I know grenade gloves suck super bad so I'd put my $$ on the POW (even though I know nothing about them) But I met DK at loon a few years ago so I'll buy some cheap grenades for some spring time shredding to help the dirtbag out.


----------



## Guest (Feb 22, 2010)

The pows look pretty sick. Are any of them very warm though? They all look like straight pipe gloves.


----------



## LoganCormier (Jul 12, 2009)

I'd go with the POW's, I'm not a big fan of Grenade.


----------



## say chi sin lo (Oct 15, 2009)

Grenade gloves were the worse investment I made as far as snowboarding gear goes. They run a tad smaller I think, and they're narrow. So if you wear wrist guards, forget it. I normally wear small-medium gloves, but I have a large grenade gloves and they still feel small on me. I wear wrist guards, getting them on is quite an accomplishment. 

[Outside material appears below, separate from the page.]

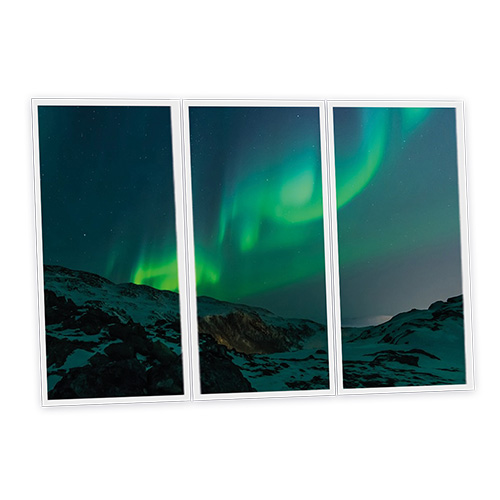 [DT1-AUR-12060-X3] Pack 3 Dalles LED Imprimées - Aurora Boreal - 1200x600mm - Usinée en France by DELITECH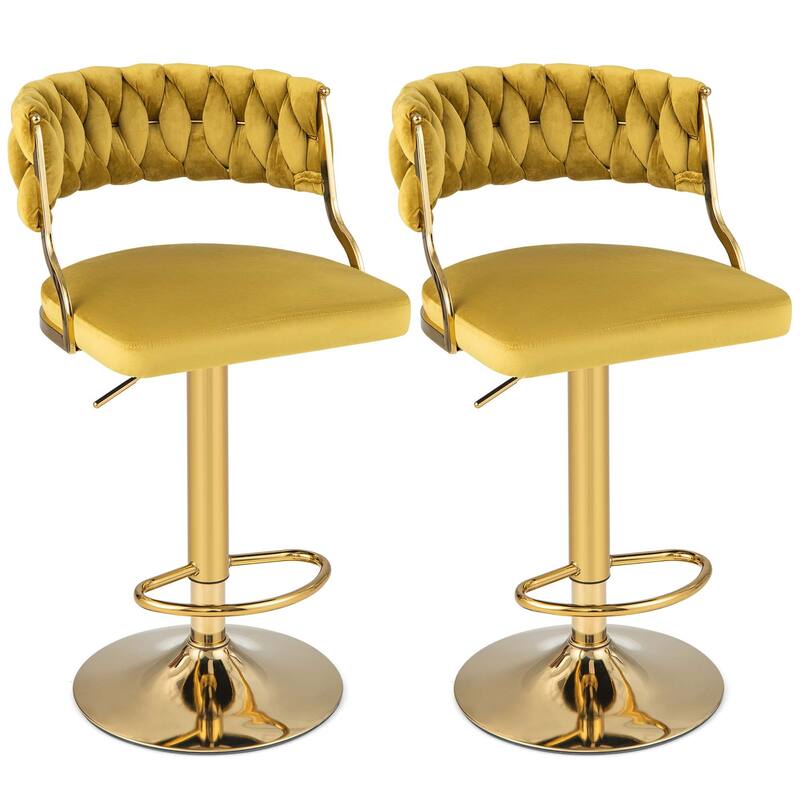 2 pcs Swivel Velvet Bar Stools Upholstered Adjustable Grey/Beige/Yellow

Finally, they suck in the snow. I have the "Standard Issue mittens over fingers" gloves. If you go mitten mode all day, then it works well. Nice, comfy, dry, and toasty. But if you uncap the mittens, then functionality goes to hell. The fingers of these gloves are not waterproof at all! My fingers were damn near soaked halfway into the day.

I am so disappointed, I seriously think the ghetto brand from your local gas station work better than these.


----------